▸ Aim of the exercise: Make an exact copy of the whole listing, but leave its pictures out.

▸ Supplied material:
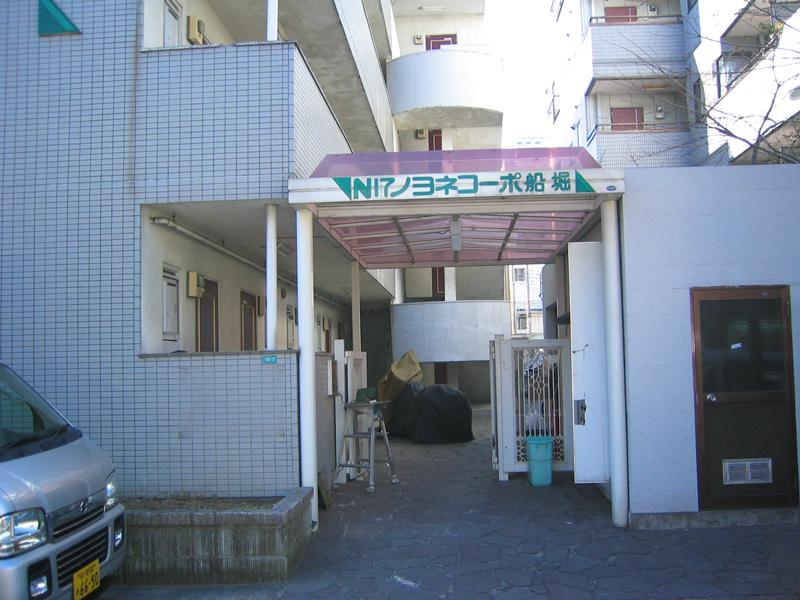 17ノヨネコーポ船堀(ワンルーム/2階)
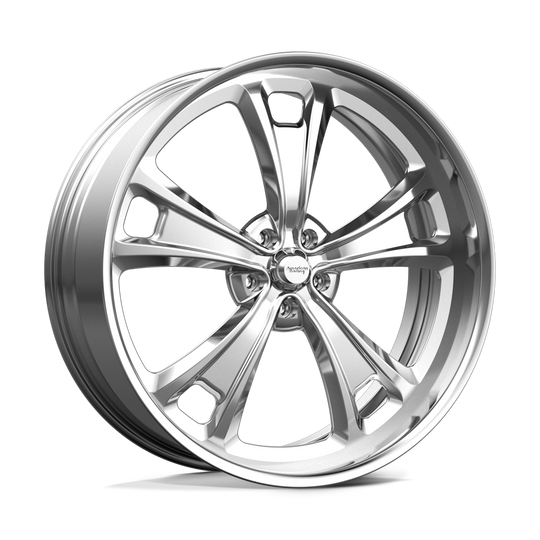 VF531262XX - American Racing VF531 26X12 BLANK  mm Polished - American Racing Wheels Canada
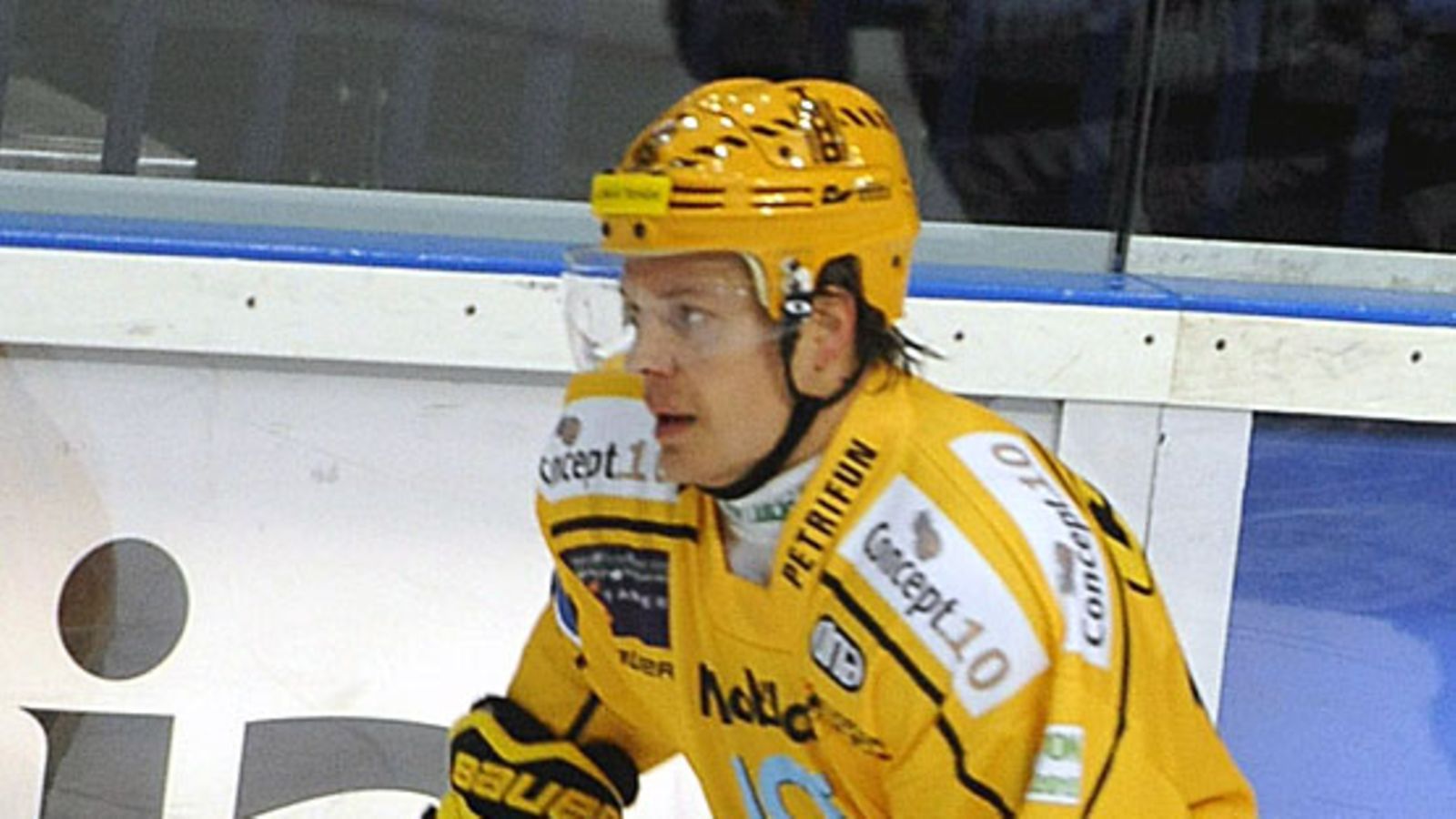 Sami Kapanen. Kuva: Sari Gustafsson/LEHTIKUVA.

▸ Output of the exercise:
 17ノヨネコーポ船堀(ワンルーム/2階)
 VF531262XX - American Racing VF531 26X12 BLANK  mm Polished - American Racing Wheels Canada
 Sami Kapanen. Kuva: Sari Gustafsson/LEHTIKUVA.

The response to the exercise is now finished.